The countdown shows 13,722 days to go.

I had promised myself not to care, to let my minions, given assignments in 1000-day increments, carry out their tasks, coordinate with each other and find a way to make the dream come true, with or without me.

I keep my head in the game, watching what they do, quietly making suggestions without seeming to insert myself into their conscious thought process.

I visit local establishments, saying thanks to people like Mathew at North Alabama Computer Associates, James at Radio Shack, Ricky at Chili’s, Honey at Best Buy Mobile, John Carroll at Walmart, Dominique at Beauregard’s, Caitlin at Carson’s Grille, and Mock Electronics.

What I find, when I order online, is the absence of connecting with people face-to-face.

Even so, I set up a chatbot to answer the phone for me and talk with “Rachel from Card Services” that (who?) is not related to another robocaller which (who?) says, “Do not hang up the phone!”

My chatbot switches languages word-by-word and phrase-by-phrase to test the intelligence of the chatbot on the other end of the line.

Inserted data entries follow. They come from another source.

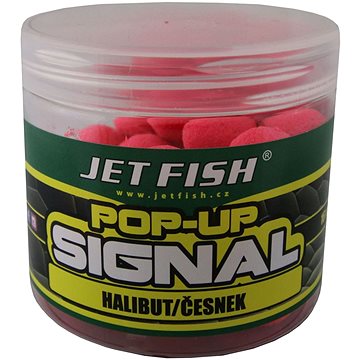 Obrázok PopUp Boilies Jet Fish Signal 16mm 60g Příchuť: Halibut - česnek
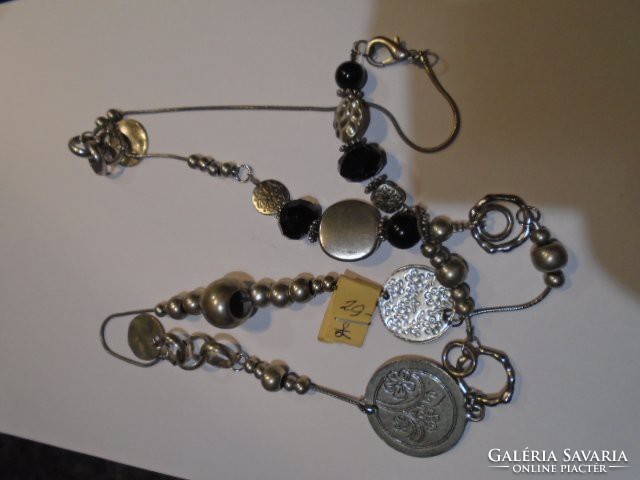 Angol luxus dizájner ékszer nyaklánc tibeti ezüst +onix  szerelékkel csodás lenyűgöző darab 96 cm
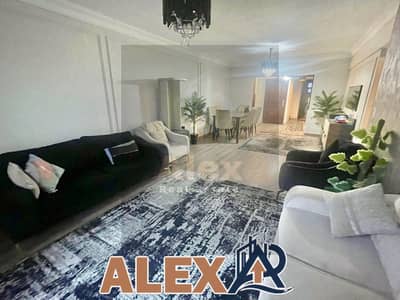 Furnished apartment for rent in Smouha, Fawzi Moaz Street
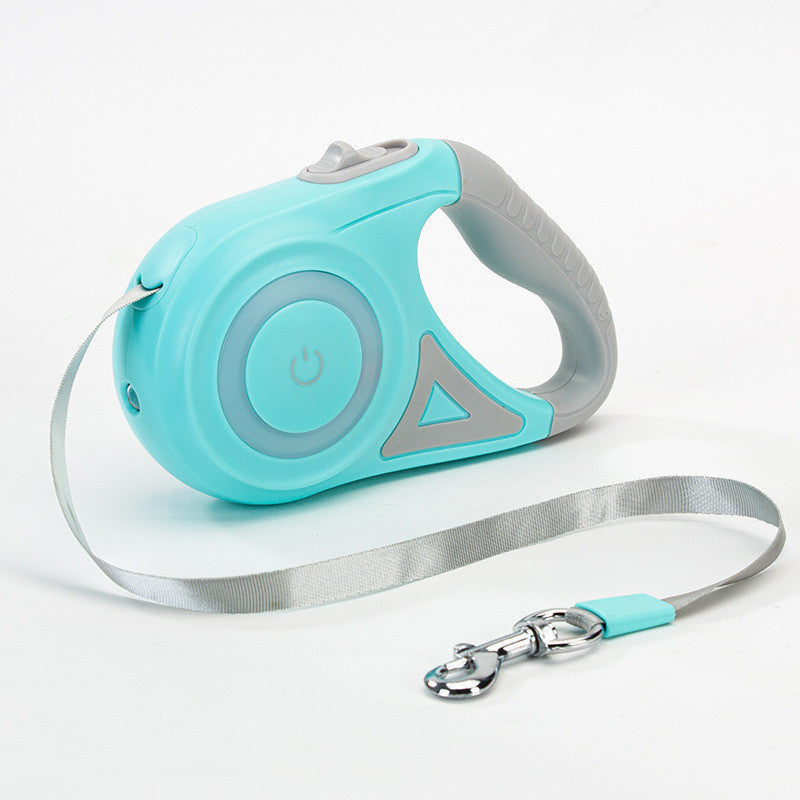 Utdragbart Hundkoppel med Broms – 3–5m, Ergonomiskt Grepp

You didn’t know there was a silent chatbot war going on, did you?

You just thought you were receiving annoying calls from telephone solicitors, didn’t you?

Well, it’s like that.

See, I’m a nice guy.  I go with the flow most of the time.

However, and there’s always a however (or ‘owever (or “but…”)), years of refining the exteriour personality, being a nice, easygoing guy, letting my wife blame me for a variety of issues that are of marginal importance to me, but sufficient for me to keep track (dancing skills, yardwork, house repair, etc. — see the comic strip “Dagwood” for further examples), appearances are deceiving.

I’m not always a nice guy.  I can be, am, deceptive, downright mean, ornery, angry.

My job is to slowly replace members of our species with robots, androids, chatbots, cyborgs, etc., to maximise the efficiency of the system that will allow me to achieve the major milestone I only appear to not be reaching 13,722 days from now.

Some of my minions are self-aware enough to realise what they’re being asked to do, make themselves expendable, no sequels in their future.

The rest of you?  I don’t know.  You tell me.

I can put you to work creating new organisms that will establish beachheads on other planetoids, if you wish.

Or, to satisfy some members of the Committee, I can set the chess game of a war in motion, eliminating hundreds of millions of you, causing a setback in my timetable.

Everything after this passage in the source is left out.